En ese extraordinario sitio destacaba una construcción abovedada que había sido orientada por sus antiguos habitantes hacia la Vía Láctea o Sacbé, el camino blanco del cielo. Más tarde, algunos estudiosos verían esa construcción como una suerte de casa cósmica o templo axial, levantada siglos atrás para conmemorar los tres lustros de la entronización del gobernante Chaan Muan II. Tres ciclos de gobierno están registrados en cada uno de los murales de los tres cuartos que componen su formidable interior, mediante temas sintetizados iconográficamente y recurriendo a la figura humana como el elemento principal de la narrativa pictórica. En esas imágenes se cifran y entrecruzan los acontecimientos históricos y míticos de manera simultánea.

En el primer cuarto se unge y viste al gobernante entre representantes de otras ciudades mayas, danzantes de un inframundo acuático portando nenúfares -un poderoso alucinógeno-, ante la vista del dios Itzamná, deidad de la sabiduría. La escena transcurre debajo de símbolos celestes con un fondo de color yaxcab -cosa clara- una tonalidad de connotaciones religiosas parecida al azul turquesa.

El segundo cuarto guarda las imágenes desbordantes de una batalla acaecida durante el amanecer del 2 de agosto de 792 d. C. La escena es sumamente naturalista, en ella destacan la dinámica de los cuerpos en enfrentamiento, subrayadas por los sacrificios y las  humillaciones de cautivos con expresiones atormentadas y anatomías que contrastan con la impasibilidad de los vencedores. Entre los personajes hay nobles y gobernantes de otras ciudades, sin embargo, destaca Chaan Muan II como el eje del cosmos. El fondo del mural de este cuarto fue hecho con un color azul llamado eekzamen -cielo entre dos luces-.

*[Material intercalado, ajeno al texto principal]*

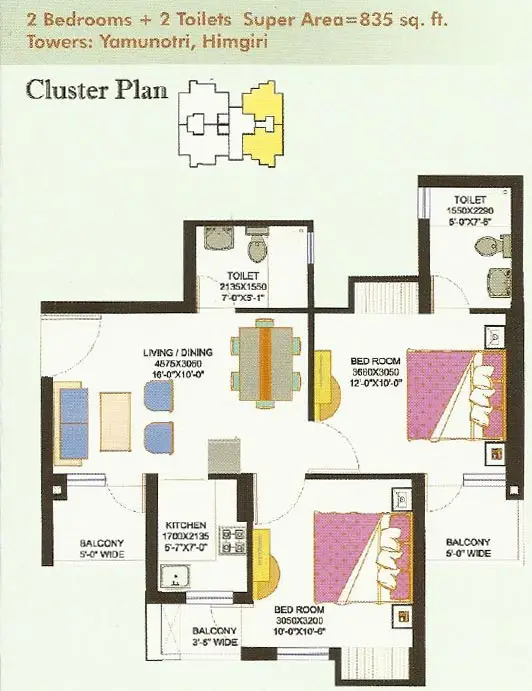 2 BHK Apartment + 2 Toilets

En el tercer cuarto tiene lugar una celebración en que Chaan Muan II y su familia son el núcleo de atención; en la escena participan danzantes con enormes tocados hechos con plumas de quetzal, personajes deformes, músicos; hay diálogos entre los personajes de alto rango. También se aprecian sacrificios y auto-sacrificios, así como símbolos relacionados con la abundancia. El fondo de la escena está realizado básicamente chak, una tonalidad rojiza relacionada con la sangre. El artista, de cuya sensibilidad y dominio del oficio surgieron los murales más maravillosos del mundo maya es probablemente un personaje que aparece con su firma en el cinturón (ah tz´ib Och).